------ Listed entries ------
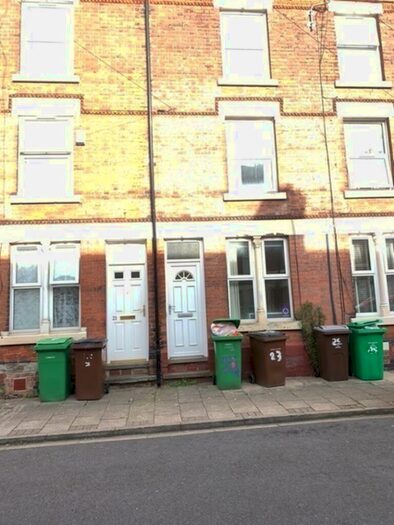 3 Bedroom House Of Multiple Occupation To Rent In Chippendale Street, Nottingham, NG7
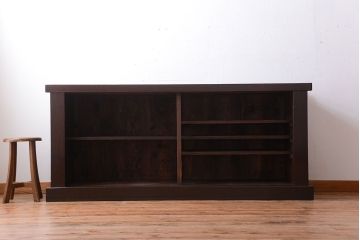 アンティーク家具　古民具・骨董　六尺　横桟戸の古い高級水屋箪笥ローボード(リビングボード、テレビボード、テレビ台、キャビネット、収納棚)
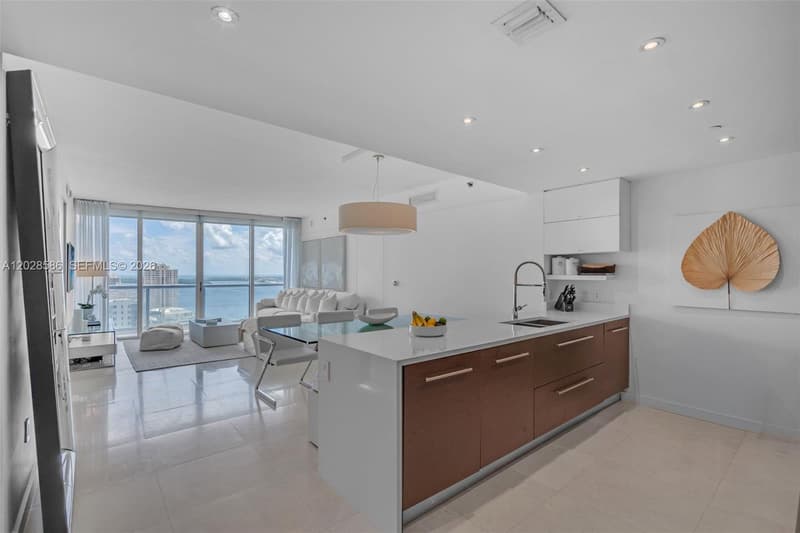 465 Brickell Ave #2703, Miami, 33131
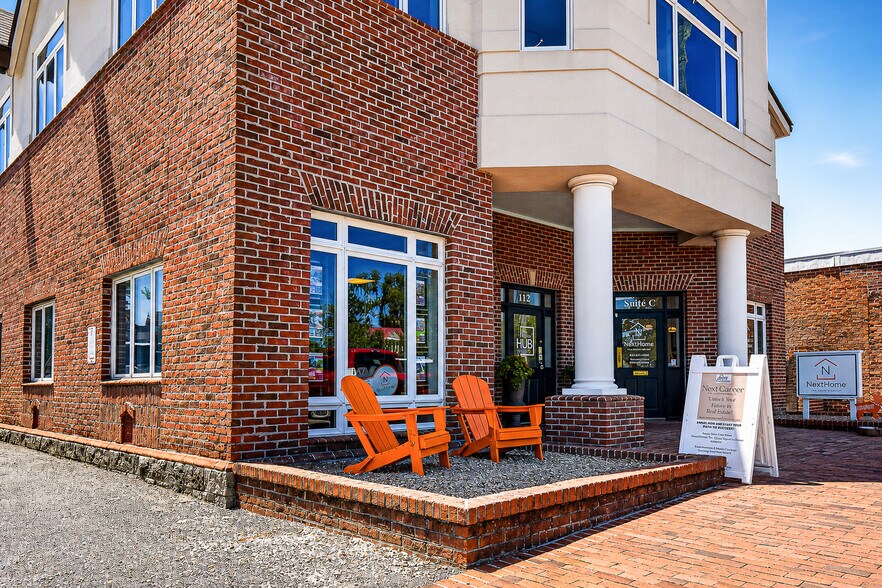 More Photos Of 112 W Doty Ave, Summerville Coworking Space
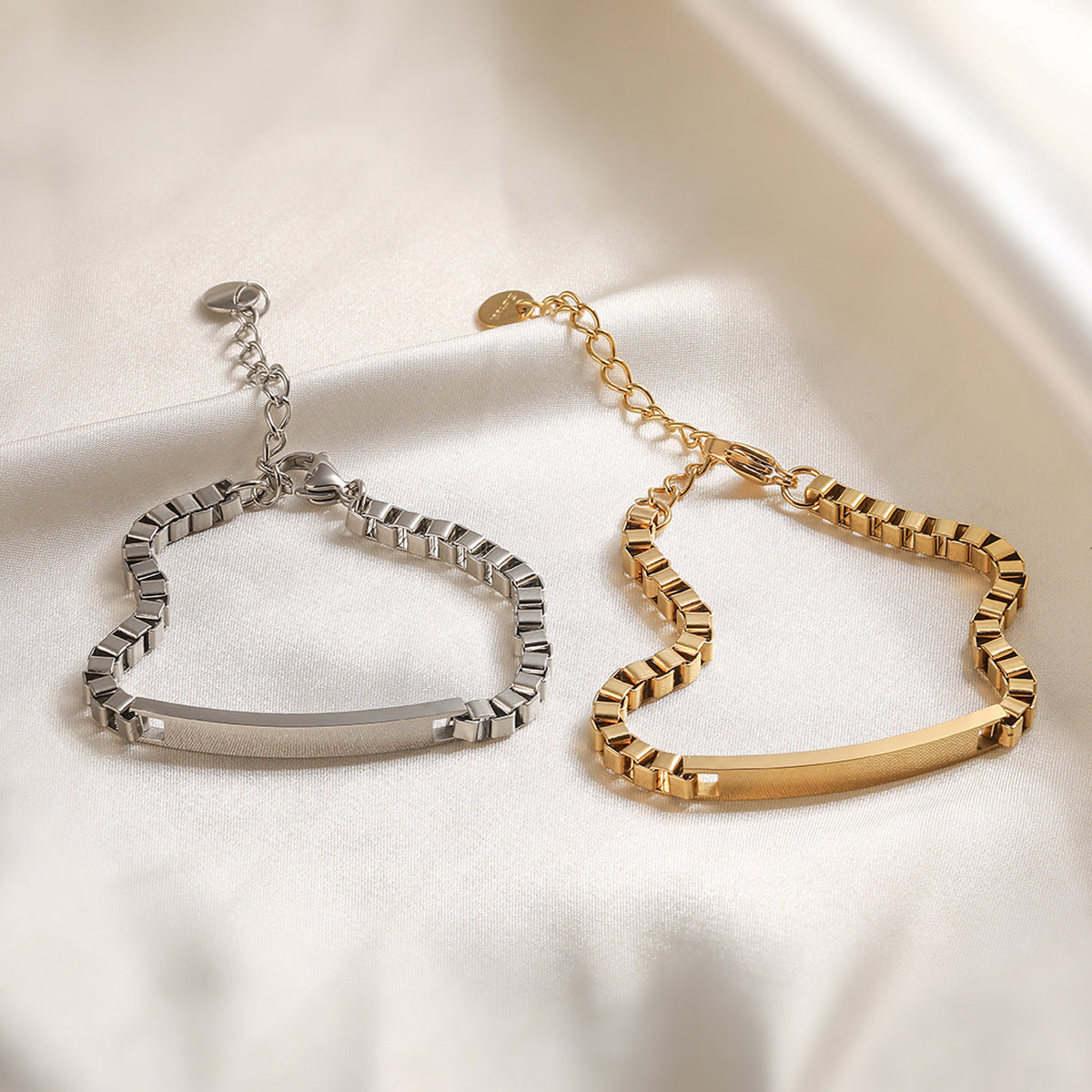 Braccialetto geometrico minimalista da donna in acciaio inossidabile con placcatura in oro 18 carati stile punk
------
# About this task
Print the full listing exactly, dropping the pictures.

# Answer section
 3 Bedroom House Of Multiple Occupation To Rent In Chippendale Street, Nottingham, NG7
 アンティーク家具　古民具・骨董　六尺　横桟戸の古い高級水屋箪笥ローボード(リビングボード、テレビボード、テレビ台、キャビネット、収納棚)
 465 Brickell Ave #2703, Miami, 33131
 More Photos Of 112 W Doty Ave, Summerville Coworking Space
 Braccialetto geometrico minimalista da donna in acciaio inossidabile con placcatura in oro 18 carati stile punk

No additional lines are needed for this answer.